• YOUR ASSIGNMENT:
Make an exact copy of the listing, without images.
DATA BLOCK below:
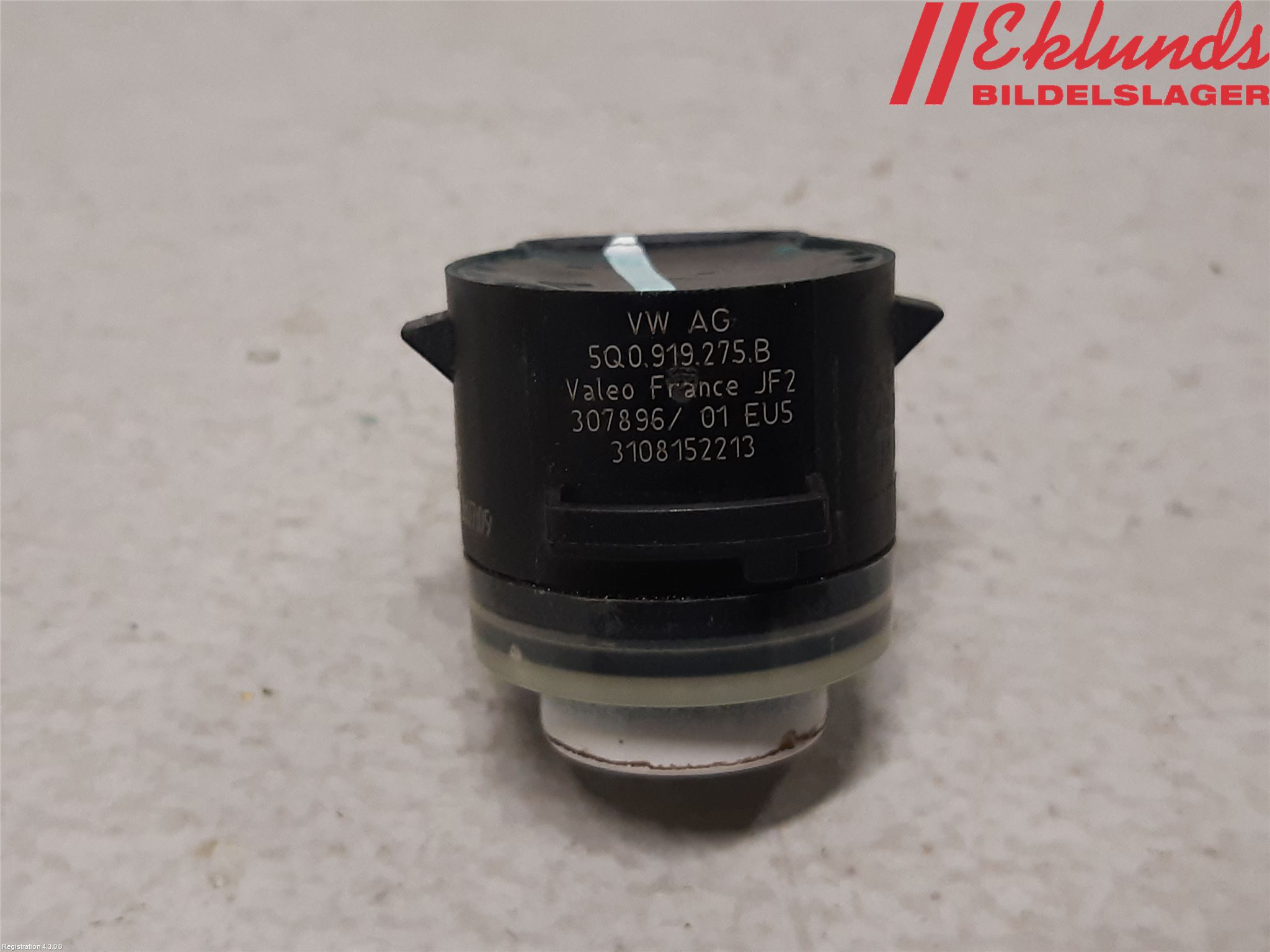 Volkswagen VW CADDY 16-20 Parkeringshjälp Backsensor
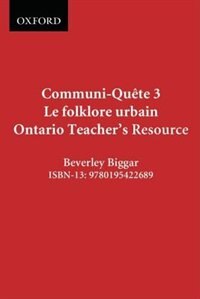 Front cover_Communi-Quete: 3 Urban Legends
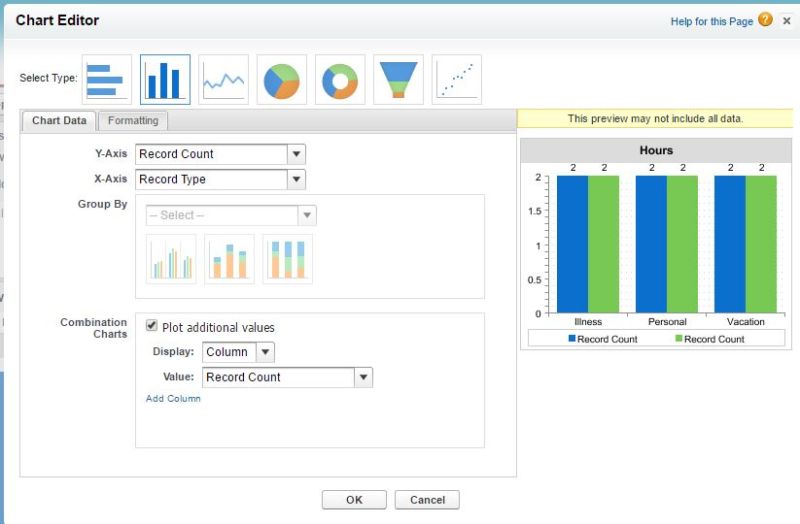 Reporting Simple Chart With X Y Axis Values Salesforce Stack Exchange - Gradient Textures - Perfect Desktop Collection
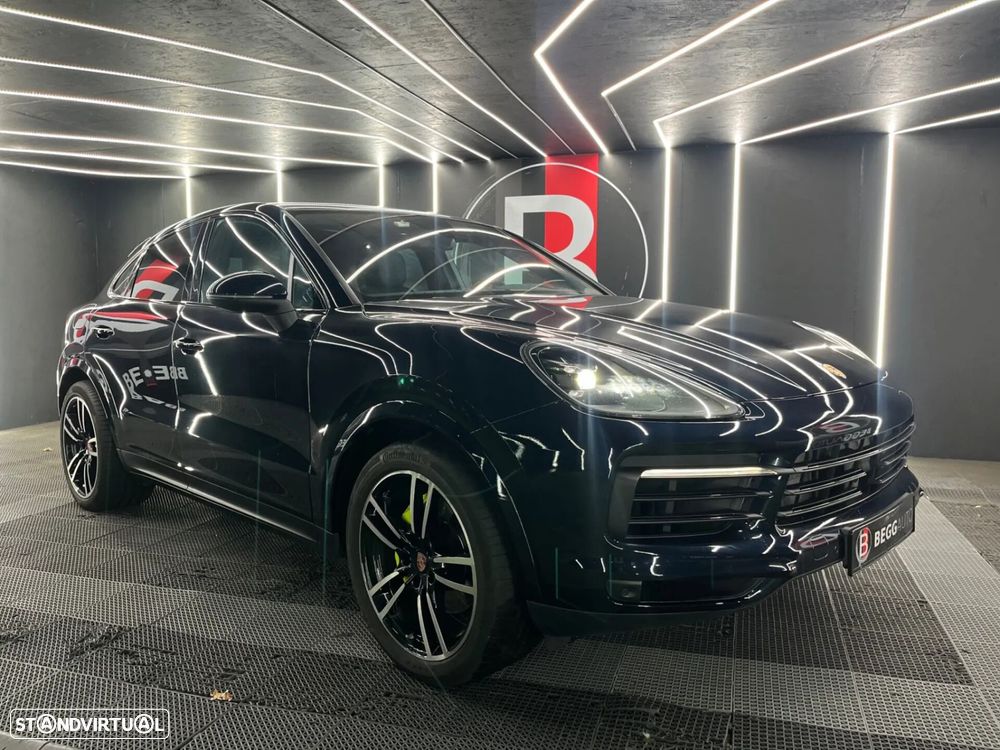 Porsche Cayenne Coupé - 5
End of DATA BLOCK.
• RESPONSE TO THE TASK:
 Volkswagen VW CADDY 16-20 Parkeringshjälp Backsensor
 Front cover_Communi-Quete: 3 Urban Legends
 Reporting Simple Chart With X Y Axis Values Salesforce Stack Exchange - Gradient Textures - Perfect Desktop Collection
 Porsche Cayenne Coupé - 5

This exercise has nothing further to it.